Dá gosto ler posts deste género, sobre pessoas desta fibra. Pessoas estas que são remetidas, como disse, para o esquecimento, e que lutaram tanto para o bem tanto do país, e que demonstram a nossa capacidade, quando devidamente aproveitada.

Não é só o facto de se relegar para segundo plano informação importante como esta, é que num país que se diz do Mar, muita coisa parece deixada de lado e adormecida. Mas acredito que a ocasião faz o "ladrão" e um dia tenhamos mesmo de nos voltar a virar para o Mar com outros olhos.

Abraço,
Tiago Neves.
www.roda-do-leme.com

Ricardo Ferreira disse...

Caro Tiago, obrigado pelo seu excelente comentário.

Não tenho duvidas que Portugal mais cedo ou mais tarde se vire de novo para o mar.

Aquilo que mais me magoa, é o facto de desde o 25 de Abril, a classe politica, esqueceu, ou melhor preferiu virar costas ao Mar. E esse foi um erro tremendo que perdura até hoje.

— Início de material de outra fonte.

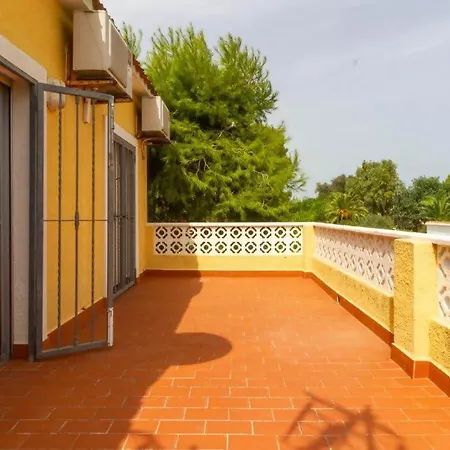 Semesterbostad Casa Con Jardin A Pocos Pasos Del Mar Denia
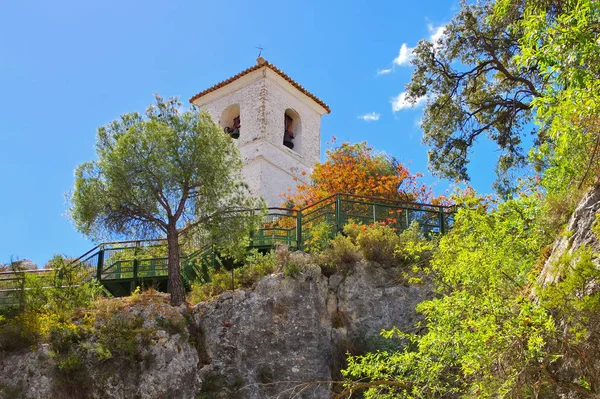 Guadalest, dorf in felsigen bergen, costa blanca — Stockfoto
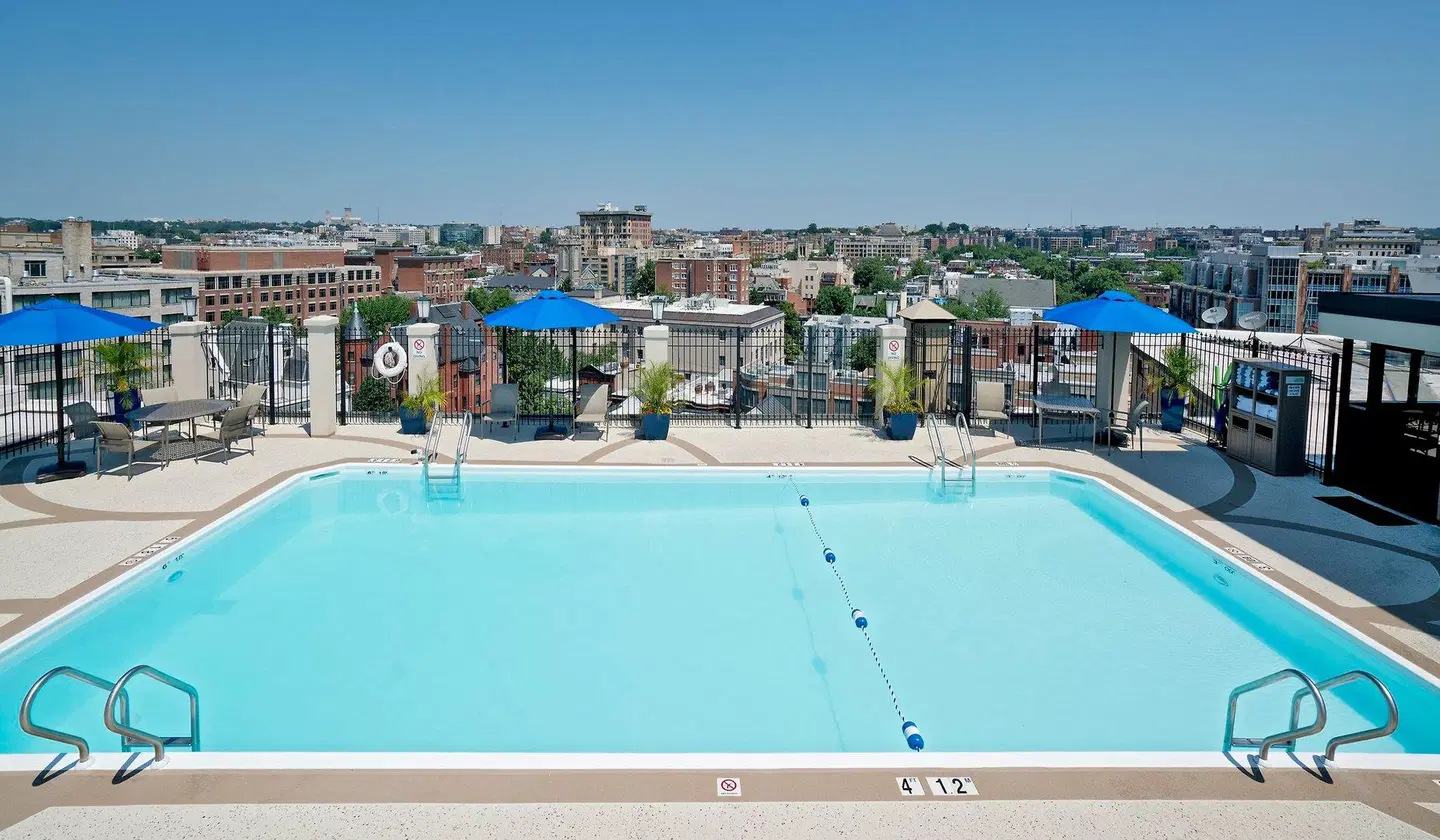 Holiday Inn Washington-Central/White House by IHG OUTDOOR_POOL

Talvez nas mentes destes governantes com pouca visão, para eles o sector da navegação, só faria sentido com o Ultramar. Que vistas curtas tinham e têm esse governantes! Quem nao conhece a sua historia, é como quem não vê. Portugal foi sempre o país virado para o Mar, nao podendo crescer as suas fronteiras terrestres para Leste, preferiu aventurar-se numa epopeia maritima e aumentar territorio por diversos continentes. Podemo-nos considerar mesmo pioneiros da globalização. Nada faltava a este país para continuar a sua tradição maritima mesmo sem ultramar, possuindo uma frota de marinha mercante que já passava 1 milhão de toneladas de porte bruto, belíssimos estaleiros, reconhecidos internacionalmente, com know-how e meios técnicos de ponta, quer de reparação como de construção naval, posicionados no centro das rotas do mundo! Olho para a Noroega, que detem uma economia prospera e que souberam sempre retirar partido do Mar. Basta referir que a Maersk é hoje uma das maiores (se não mesmo a maior) empresa de carga a nivel Mundial. Portugal poderia e deveria ter seguido num caminho identico, explorando a nossa tradição naval, e o centro das rotas mundiais de comercio, e dai tirar grandes benefícios económicos. Ja nao falo na investigação e exploração dos recursos que existem por explorar na nossa plataforma continental, ou das pescas que também é fonte de riqueza. Eu sei que é um texto longo. Mas é um desabafo meu, que eu seu que o Tiago me compreende.

Abraço

Tiago Neves disse...

Como compreendo...

Muitas oportunidades de negócio foram perdidas, e por causa da trafulhice do costume e da falta de punho para o "negócio" é que muitas empresas estão a passar mal, ou já cá não estão.

O problema com o deixa andar, e com o desaparecimento de estaleiros como o de S. Jacinto, é que os técnicos perdem-se, os operários desaparecem/envelhecem, e os conhecimentos ficam perdidos, ainda mais numa industria de Engenharia que evolui todos os dias.

Abraço e continue o excelente trabalho.

José Miranda disse...

Caro amigo, só tenho uma palavra a dizer sobre este artigo.

MAGNÍFICO.

Cumprimentos

J. Miranda

Carlos Caria disse...

Existem alguns especialistas neste país, que destruiram a construção naval e outros sectores de actividade. Veja-se o caso Parry & Son, CTM e TAP, e acaso do destino, quem ficou a frente ou pertenceu aos concelhos de administração pós 25 Abril foi quase sempre o mesmo senhor.
Quando algo estava mal logo chamavam o destruidor.
É só questão de investigação, pois foi sempre o mesmo homem, que destrui e se serviu da sua posição dominante para tal acto com a anuência do poder da época.
Bonita homenagem.
Abraço amizade
Carlos Caria

MGomes disse...

Excelente artigo numa forma superior de homenagear o Eng João Rocheta!!! Usufruí dos benefícios da obra, na Lisnave-Marqueira!!! Bem haja pelo seu empreendedorismo a favor de Portugal!!!